Siamo nel 1973 e William Miller, quindicenne con la passione per il giornalismo musicale, incontra Lester Bangs, considerato il critico-rock più influente del momento. I due si parlano, Lester si complimenta con William per degli articoli che gli ha spedito, ma poi lo ammonisce sulla figura del giornalista-rock: “Una volta che andrai a Los Angeles avrai una barca di amici, ma saranno tutti falsi amici: cercheranno tutti di corromperti; con quel tuo faccino onesto quelli lì ti diranno qualsiasi cosa, ma non si può diventare amici delle rockstar…guarda che sarà una brutta storia: ti offriranno da bere, incontrerai delle ragazze, volerai gratis con loro da un posto all’altro, ti offriranno la droga: lo so che sembra una svolta, ma non saranno mai tuoi amici, cioè quelli vogliono che tu ti segni dei santini sul grande genio delle rockstar, ma in realtà rovineranno il rock’n’roll e soffocheranno tutto quello che amiamo del rock…e poi diventerà solo l’industria del più fico.

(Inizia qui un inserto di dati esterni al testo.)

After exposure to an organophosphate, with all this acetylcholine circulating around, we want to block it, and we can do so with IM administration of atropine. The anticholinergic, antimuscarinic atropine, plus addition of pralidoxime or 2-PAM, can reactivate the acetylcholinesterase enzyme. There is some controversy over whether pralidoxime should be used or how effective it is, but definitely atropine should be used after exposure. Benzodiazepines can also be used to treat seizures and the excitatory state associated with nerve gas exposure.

Cioè, davvero, ti giuro: sei arrivato in un momento pericoloso per il rock’n’roll”.
Lester comunque commissiona un articolo al ragazzino; da cosa nasce cosa, e la prestigiosa rivista “Rolling Stones” ingaggia William per seguire una band in tournèe. E qui, pian piano, le previsioni di Lester iniziano ad avverarsi. Il rock, insomma, sembra effettivamente aver perso l’autenticità delle origini.

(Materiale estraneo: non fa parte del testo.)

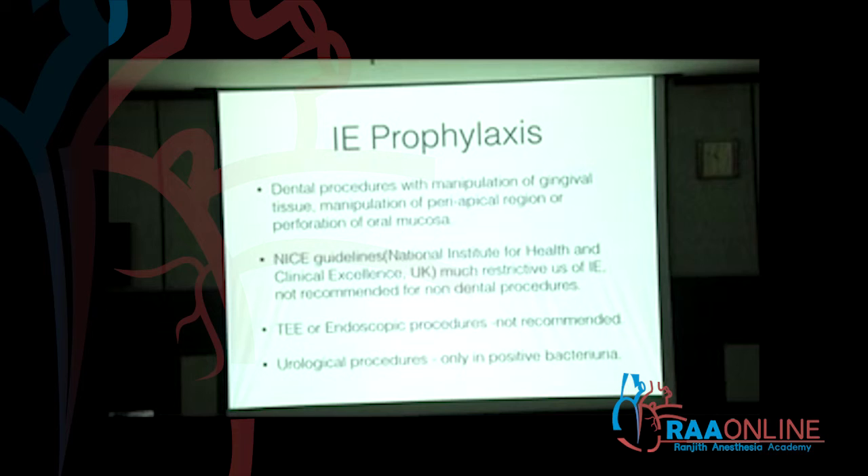Dental procedures have the highest incidence of bacteremia. Whenever there is a dental procedure involving manipulation of gingival tissue, manipulation of the periapical region, or perforation of the oral mucosa, patients need to have infective endocarditis prophylaxis.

William ha solo quindici anni e sua madre, assillandolo di telefonate durante la tournèe, capisce che l’ambiente ‘allegro’ che sta frequentando suo figlio non è genuino (sesso, droga e rock’n’roll, insomma, non fanno per lui). Un giorno, durante una telefonata, la mamma riesce a parlare con Russell, uno dei componenti del gruppo. Uno di quelli che stanno deviando il piccolo William. Russell, con voce spocchiosa e canzonatoria, le dice che ormai suo figlio è schiavo del gruppo e che non può farci niente; e lei, decisa, gli risponde: “Stammi a sentire giovanotto: guarda che con me non attacca, ti ho già capito. Lo so, è chiaro che ti piace William: lui stravede per voi e la cosa vi sta bene finché vi aiuta ad arricchire. E’ un ragazzo di cuore e dotato, ha quindici anni e ha un potenziale infinito. Non stai parlando con la solita mammina in grembiule: conosco a memoria il vostro decadentismo: non dovevo lasciarlo venire, non è pronto per il vostro mondo di valori compromessi e spreco di cellule cerebrali che voi gettate via…se annienti la sua vitalità, se lo ferisci in qualsiasi modo, conoscerai dal vivo la voce che ti sta parlando, e non sarà un’esperienza piacevole. Non volevo fare questa parte, ma la reciterò.”; poi cambia tono, la sua voce diventa pacata e sinceramente premurosa: “Ora fai del tuo meglio, sii audace e la potenza correrà in tuo aiuto: l’ha detto Goethe; non è tardi: puoi ancora diventare una persona di un certo spessore, Russell.”.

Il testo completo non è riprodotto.